[Data supplied — start]

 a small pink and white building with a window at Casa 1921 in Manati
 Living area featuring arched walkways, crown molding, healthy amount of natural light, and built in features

[Data supplied — finish]
[Data supplied — start]

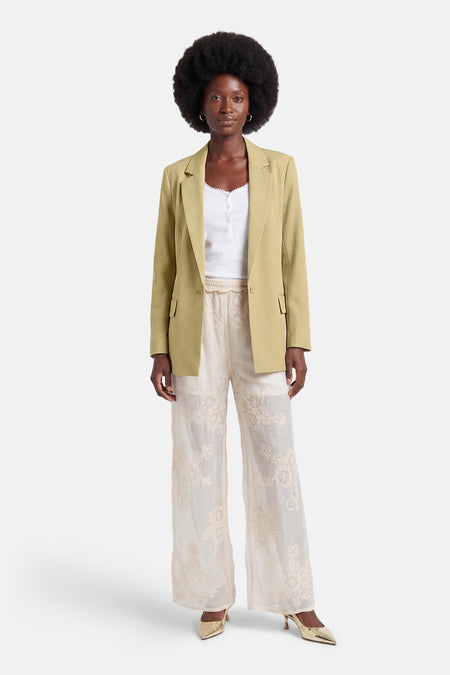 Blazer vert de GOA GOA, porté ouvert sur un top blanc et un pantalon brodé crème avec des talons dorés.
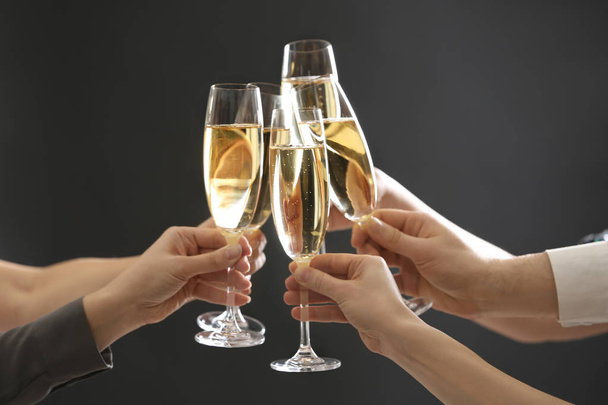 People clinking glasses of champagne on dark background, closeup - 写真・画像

[Data supplied — finish]

Task:
Look above for the line with "Blazer vert de" and the line with "People clinking glasses", then copy exactly the lines from the first through the second, both kept, with no pictures.

Result of the exercise:
 Blazer vert de GOA GOA, porté ouvert sur un top blanc et un pantalon brodé crème avec des talons dorés.
 People clinking glasses of champagne on dark background, closeup - 写真・画像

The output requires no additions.